Peraltro, costituisce canone ermenutico consolidato quello per cui l’eventuale contrasto tra disposizioni della lex specialis deve essere risolto con un’interpretazione finalizzata a privilegiare il favor partecipationis e l’interesse pubblico al più ampio confronto concorrenziale (Cons. Stato, IV, 14 marzo 2016, n. 1015).
Ne consegue che prevale la clausola dell’art. 14, lett. b), del bando di gara in ordine ai requisiti di carattere economico-finanziario, come correttamente ritenuto dal giudice di prime cure; il corollario è che il fatturato complessivo dichiarato da S.I.T. supera la soglia richiesta.
4. – Con il terzo motivo l’appellante deduce la falsità della dichiarazione resa dall’amministratore della S.I.T. in data 13 dicembre 2016 circa il possesso dei requisiti di ordine economico-finanziari, che sarebbe comprovata dal successivo prospetto, versato agli atti del processo, scorporante il fatturato per forniture, risultato assolutamente residuale ed inidoneo a dimostrare la capacità economica della società; tale falsità sarebbe peraltro di per sé motivo di esclusione ai sensi dell’art. 80, comma 5, lett. f -bis) del d.lgs. n. 50 del 2016.
Il motivo, a prescindere dai profili di inammissibilità eccepiti dall’appellata e dalla non applicabilità, ratione temporis, della previsione di cui all’art. 80, comma 5, lett. f-bis), è infondato, per le ragioni correttamente evidenziate dalla sentenza impugnata, ove si dà atto che il documento (prospetto riepilogativo) che dimostrerebbe la falsità della pregressa dichiarazione non risulta sottoscritto dal legale rappresentante della S.I.T., e che dello stesso si è assunta la paternità la difesa tecnica della società, aggiungendosi peraltro che la stazione appaltante, in sede di verifica dei requisiti, è onerata di controllare la veridicità di quanto dichiarato dalla società risultata prima graduata.
In ogni caso, la tesi della falsità della dichiarazione è radicalmente infondata “nel merito”, assumendo a parametro il bando di gara, che fa riferimento al possesso del fatturato globale complessivo, e non del fatturato specifico.

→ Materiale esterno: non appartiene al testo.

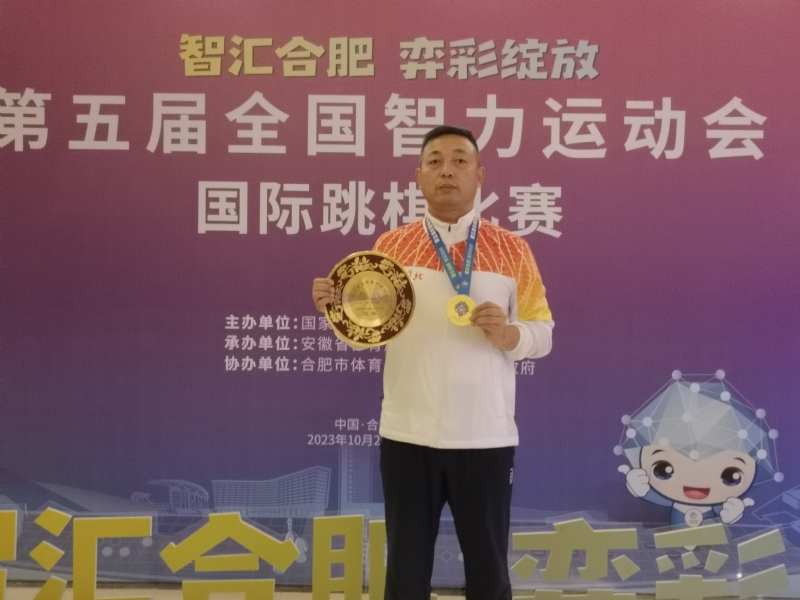 强哥的第二张照片--揭阳相亲服务中心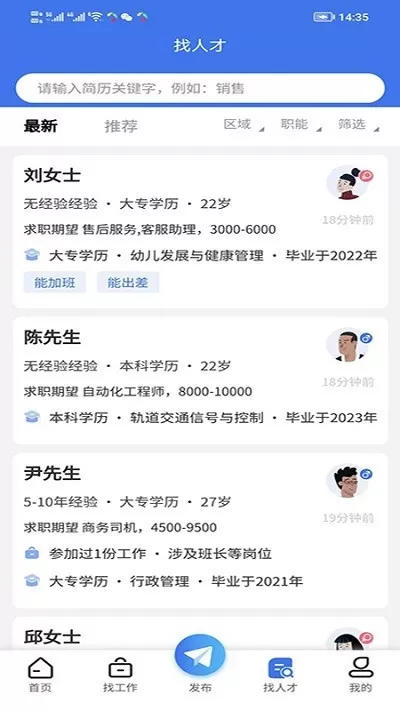 智达人才网app最新版图2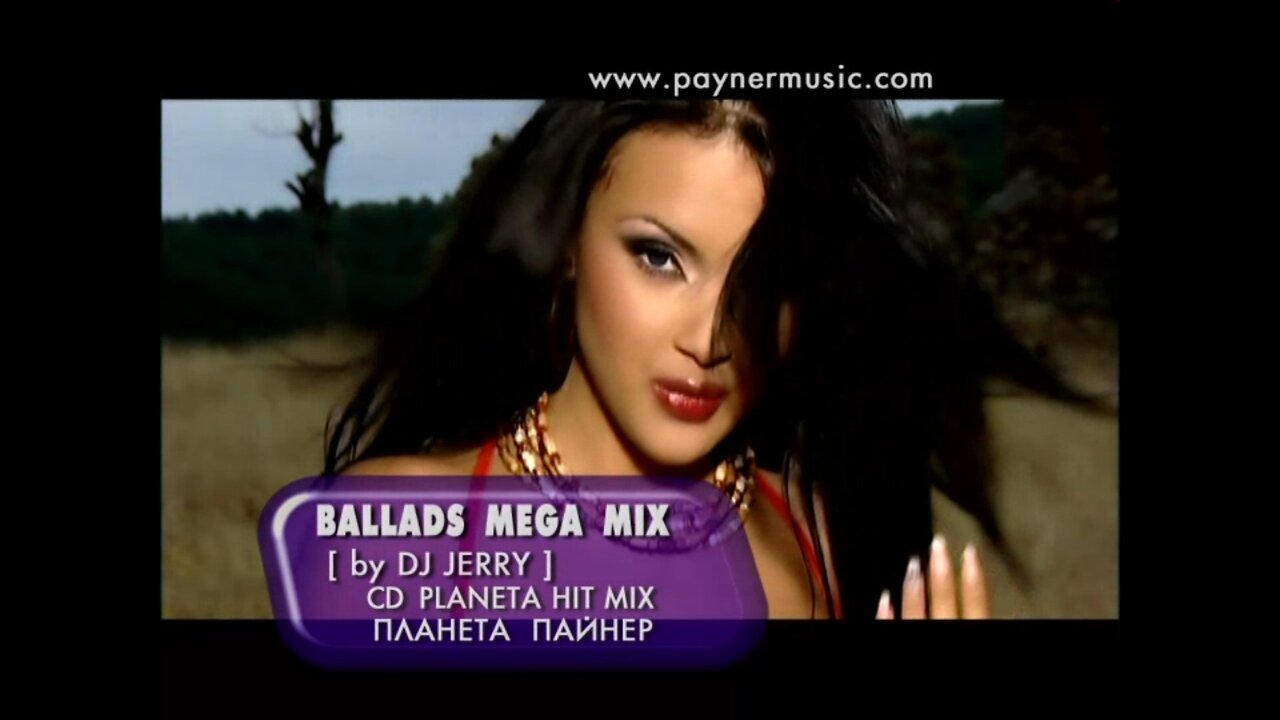 Ballads Megamix - By Dj Jerry (2004)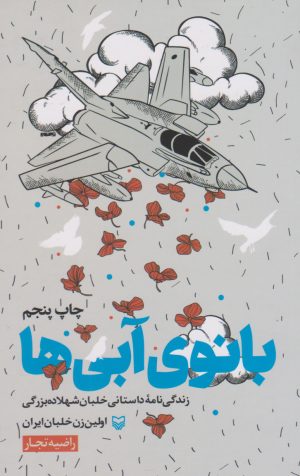 کتاب بانوی آبی ها | انتشارات سوره مهر
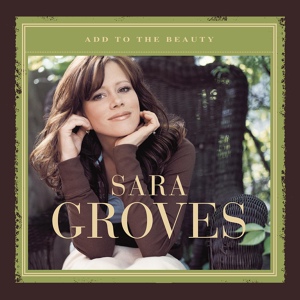 Обложка для Sara Groves - Loving A Person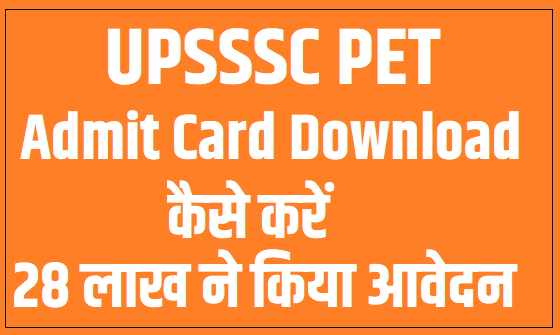 upsssc pet admit card download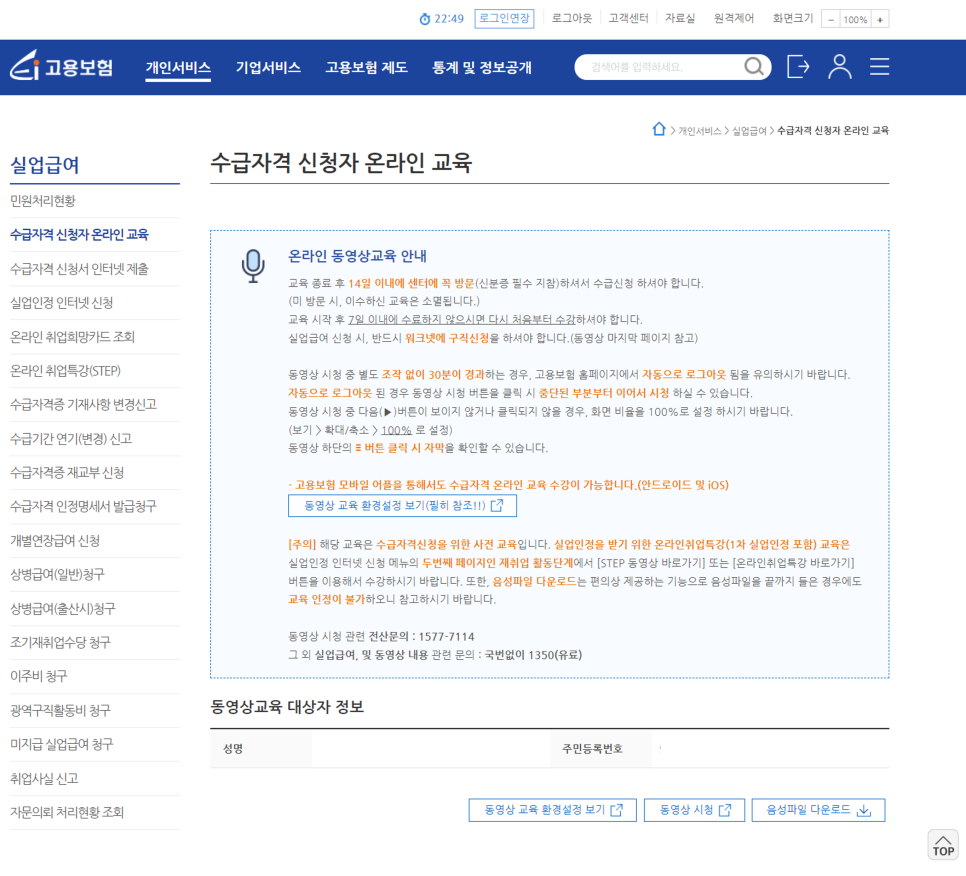 고용보험누리집을 통해서도 온라인수강이 가능합니다.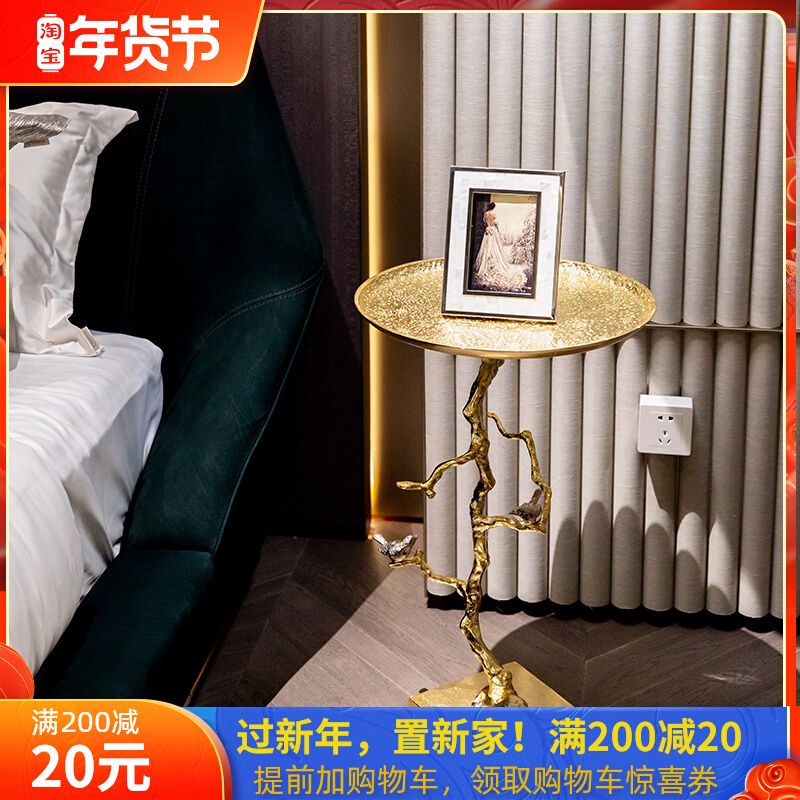 Harvest cottage Italian creative golden light luxury sofa small coffee table retro art furniture small corner a few side table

5. – Occorre ora esaminare i “motivi aggiunti”, i quali traggono spunto dalla documentazione prodotta da S.I.T. nel procedimento di gara in sede di verifica dei requisiti di capacità economico-finanziaria e tecnico-professionale (e dunque successivamente alla fase di ammissione/esclusione dei concorrenti, che costituisce il segmento procedimentale oggetto del presente giudizio, ed anche successivamente all’aggiudicazione), da cui emerge, ad avviso dell’appellante, la erronea dichiarazione della pregressa esecuzione di forniture per un importo non inferiore ai 300.000,00 euro (mentre si tratta di appalti di servizi, per lo più riconducibili al c.d. “progetto S.I.T.A.I.R.- sistema informativo territoriale ambientale a supporto dei servizi integrati raccolta rifiuti”); lamenta l’appellante che anche dopo l’aggiudicazione la stazione appaltante, contravvenendo alla prescrizione in chiave conformativa contenuta nella sentenza di primo grado, ha omesso di verificare la veridicità della dichiarazione di S.I.T. circa il possesso del fatturato specifico.
I motivi aggiunti sono in parte infondati, se non anche inammissibili, nella misura in cui appaiono meramente ripropositivi dei motivi di appello circa la falsità della dichiarazione ravvisata in relazione al requisito del fatturato specifico, alla stregua di quanto già posto in evidenza. I motivi aggiunti sono poi inammissibili nella parte in cui censurano l’attività di verifica dei requisiti di ordine speciale, in quanto, secondo la consolidata giurisprudenza, l’art. 104, comma 3, Cod. proc. amm. consente la proposizione di motivi aggiunti in appello al solo fine di dedurre ulteriori vizi degli atti già censurati in primo grado, e non anche nella diversa ipotesi in cui con essi si intenda impugnare atti sopravvenuti alla sentenza di primo grado (in termini Cons., Stato, IV, 3 agosto 2016, n. 3509).
6. – In conclusione, alla stregua di quanto esposto, l’appello deve essere respinto in ragione dell’infondatezza dei motivi dedotti.
Le complessità, anche dal punto di vista fattuale, della fattispecie dedotta in giudizio giustifica la compensazione tra tutte le parti delle spese di giudizio.
P.Q.M.
Il Consiglio di Stato in sede giurisdizionale
Sezione Quinta,
definitivamente pronunciando sull’appello, come in epigrafe proposto, lo respinge.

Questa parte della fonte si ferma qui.